TASK INSTRUCTIONS>
Retype, exactly and with both ends included, the lines below from the one containing "Malinco sweater I" through the end; omit the pictures.

RECORDS SHOWN>
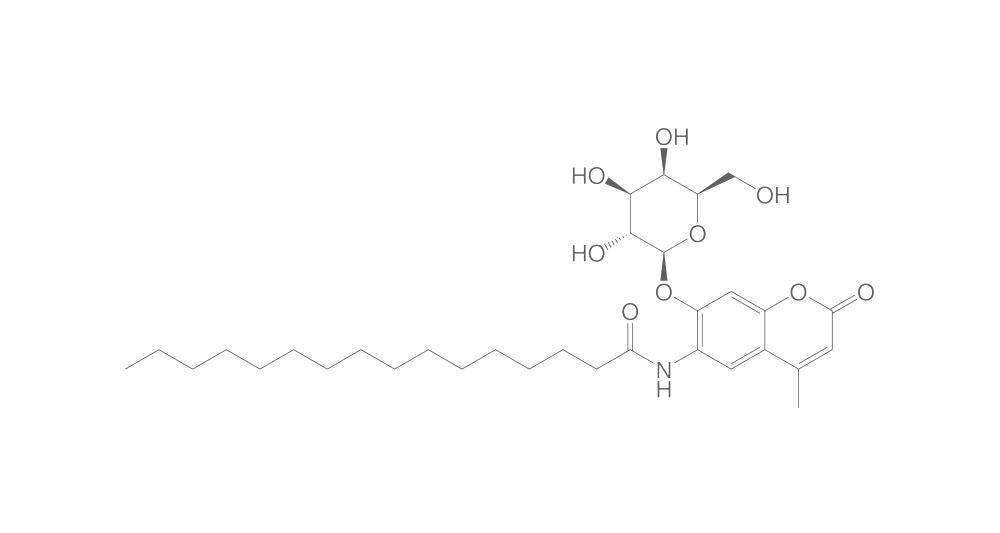 6-Hexadecanoylamino-4-methylumbelliferyl, b-D-galactopyranoside, 2 mg - Luminix Health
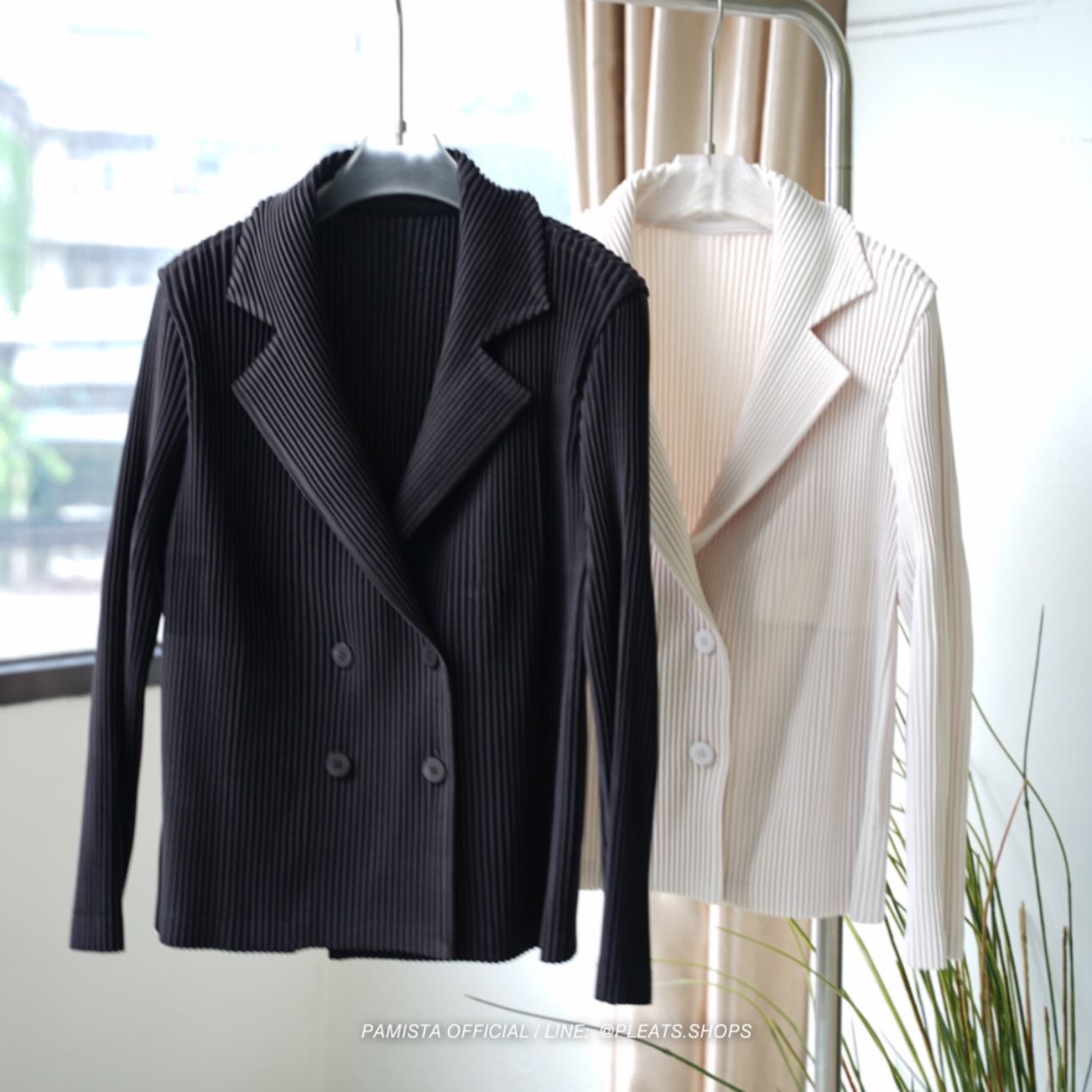 WPB830215-Alice pleated blazer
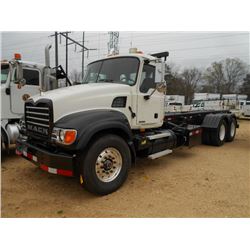 2005 PETERBILT 357 T/A ROLL OFF TRUCK, S/N 1NPAL00X05N857740, 385 HP CUMMINS ISM ENG, 8LL TRANS, 44K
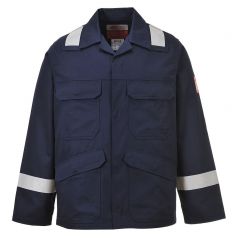 Portwest Bizflame Plus FR25 Navy Flame Resistant Antistatic Jacket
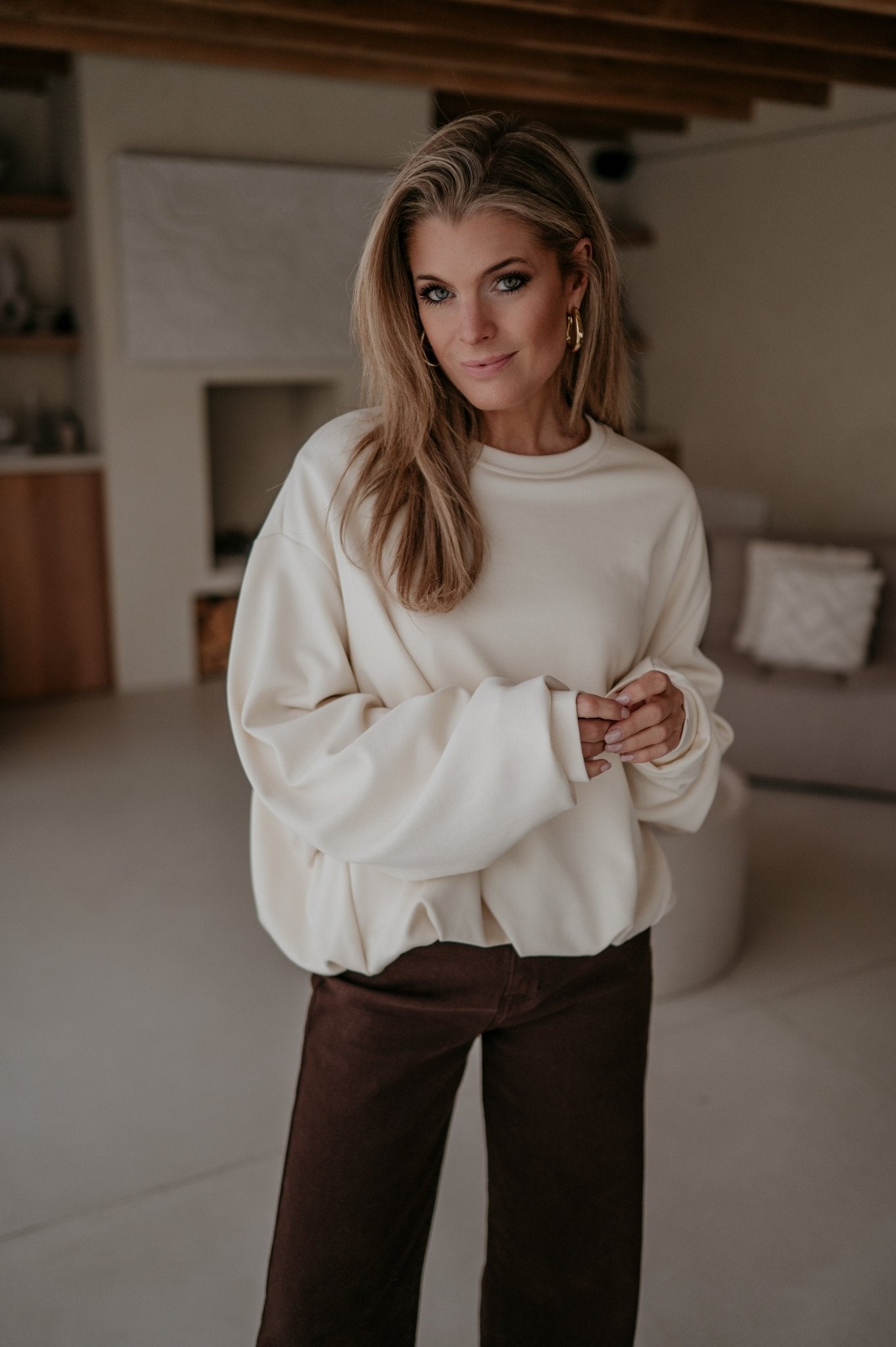 Malinco sweater I Ecru - Wild Souls by JV® - Sweaters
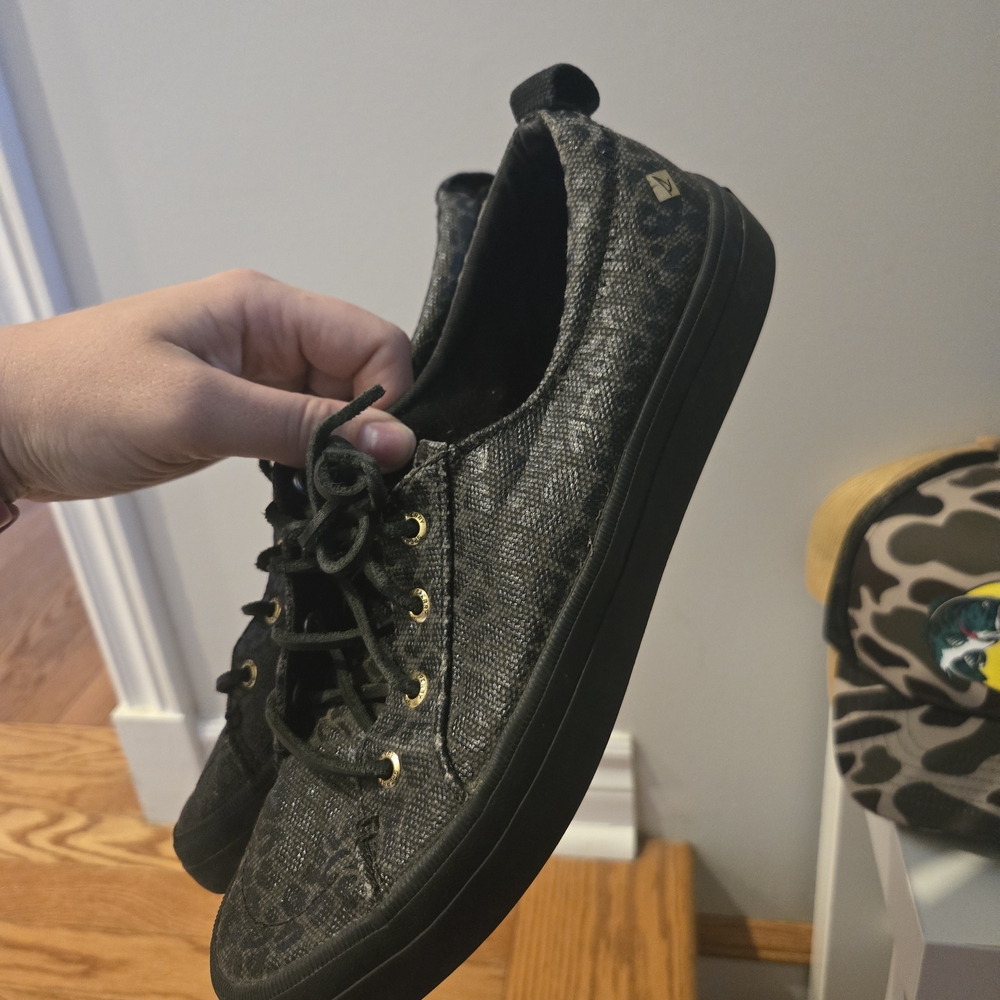 Sperry Black Cheetah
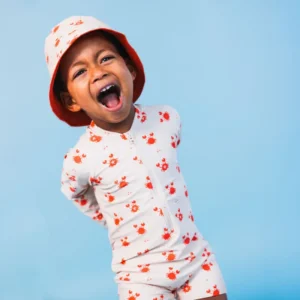 Crabby | Beige/Red Swimwear for Boys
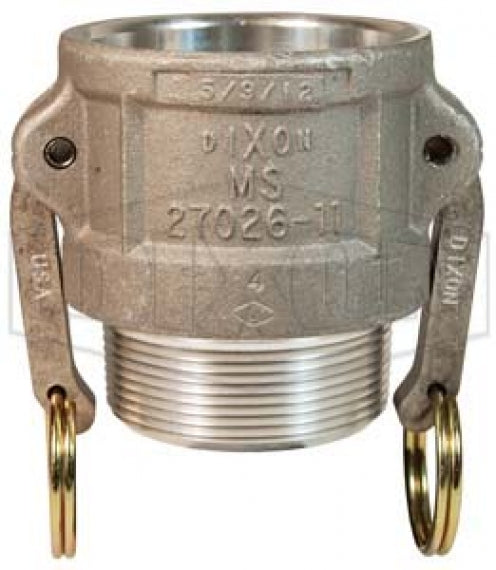 150-B-AL by Dixon Valve | Cam & Groove Coupler | Type B | 1-1/2" Coupler x 1-1/2" Male NPT | 356T6 Aluminum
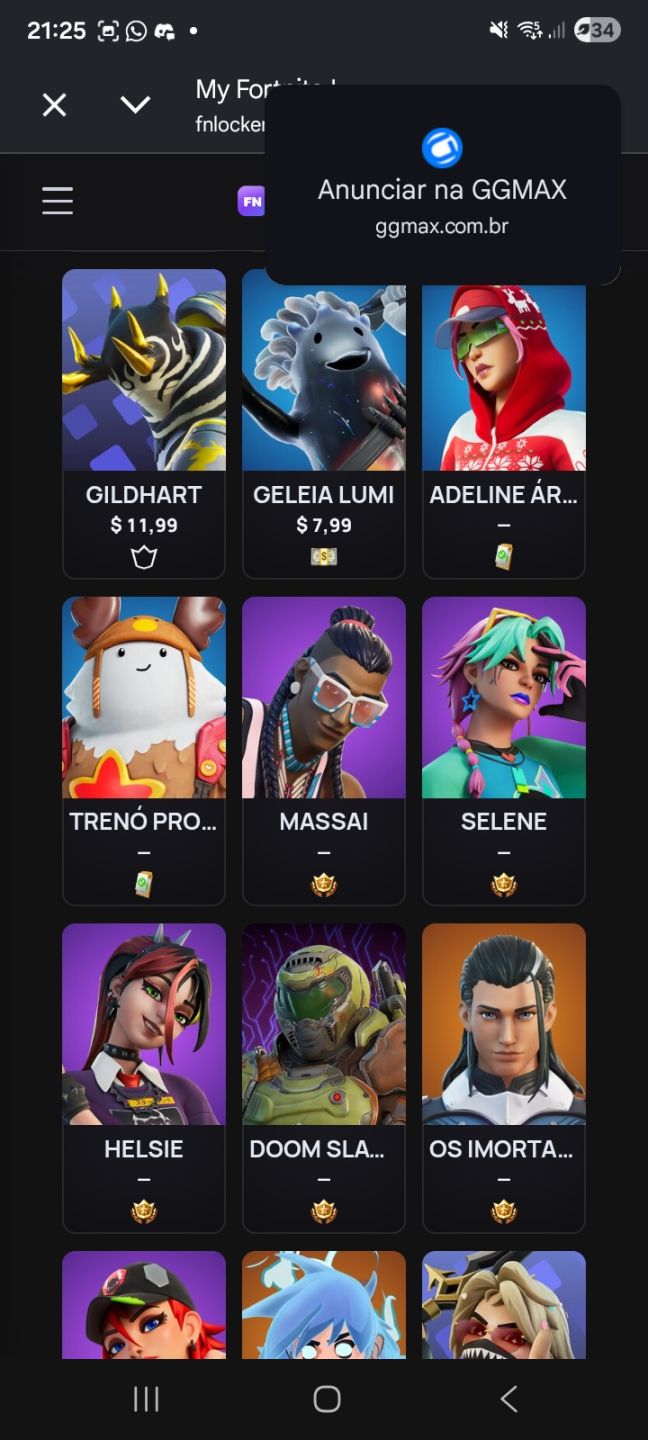 Conta fortnite antiga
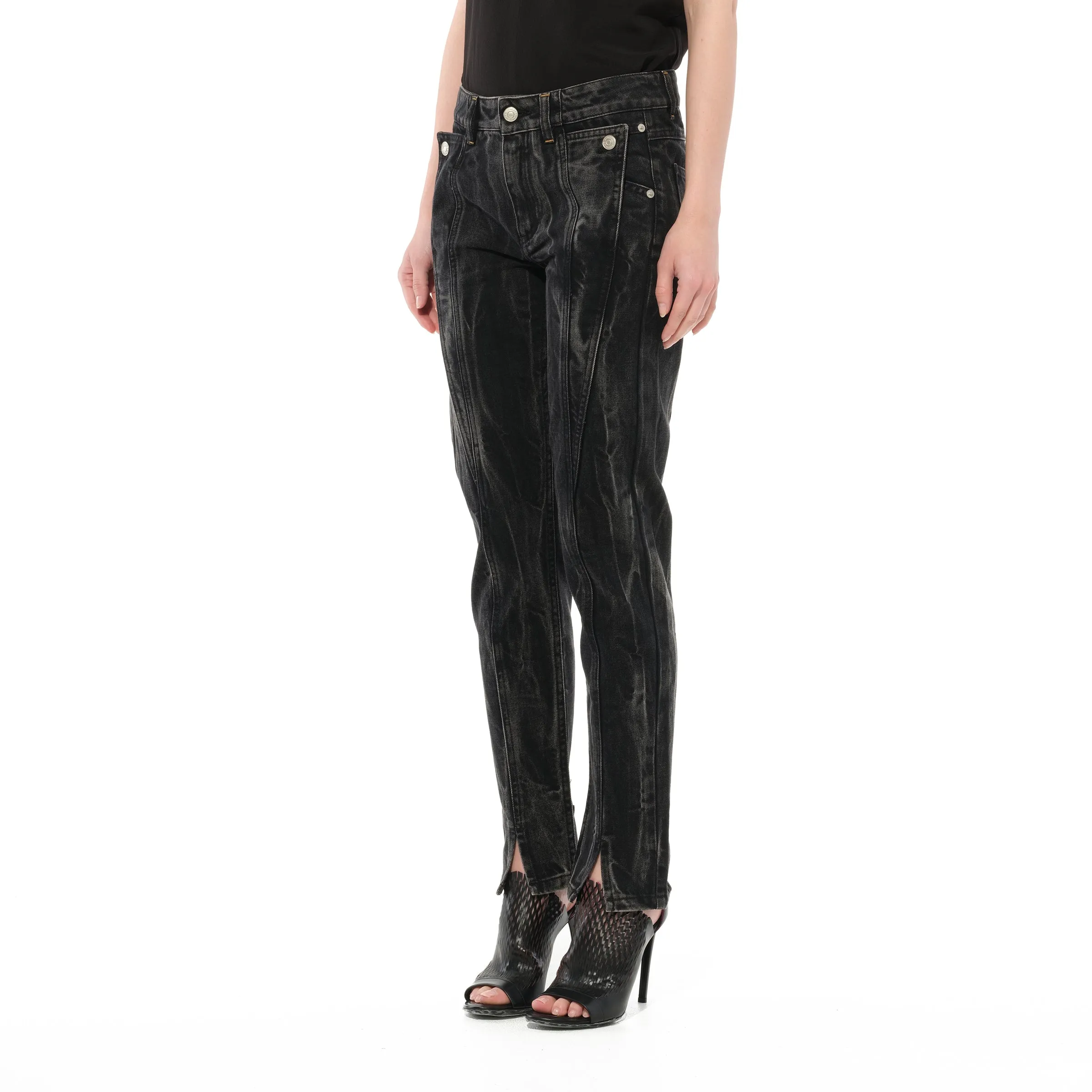 Slim Fit Jeans in Black sold by MARAIS product image thumbnail 5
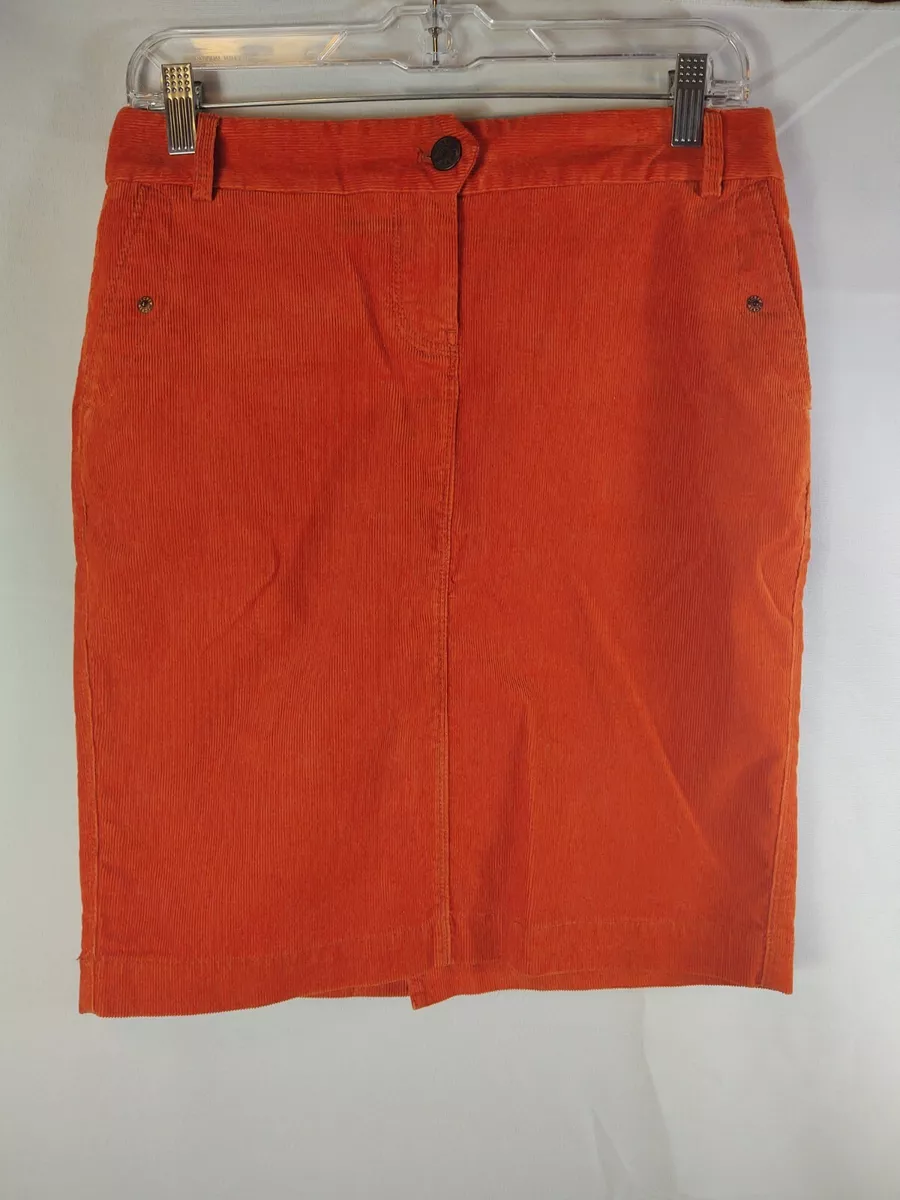 J crew cord hot sale skirt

YOUR SOLUTION>
 Malinco sweater I Ecru - Wild Souls by JV® - Sweaters
 Sperry Black Cheetah
 Crabby | Beige/Red Swimwear for Boys
 150-B-AL by Dixon Valve | Cam & Groove Coupler | Type B | 1-1/2" Coupler x 1-1/2" Male NPT | 356T6 Aluminum
 Conta fortnite antiga
 Slim Fit Jeans in Black sold by MARAIS product image thumbnail 5
 J crew cord hot sale skirt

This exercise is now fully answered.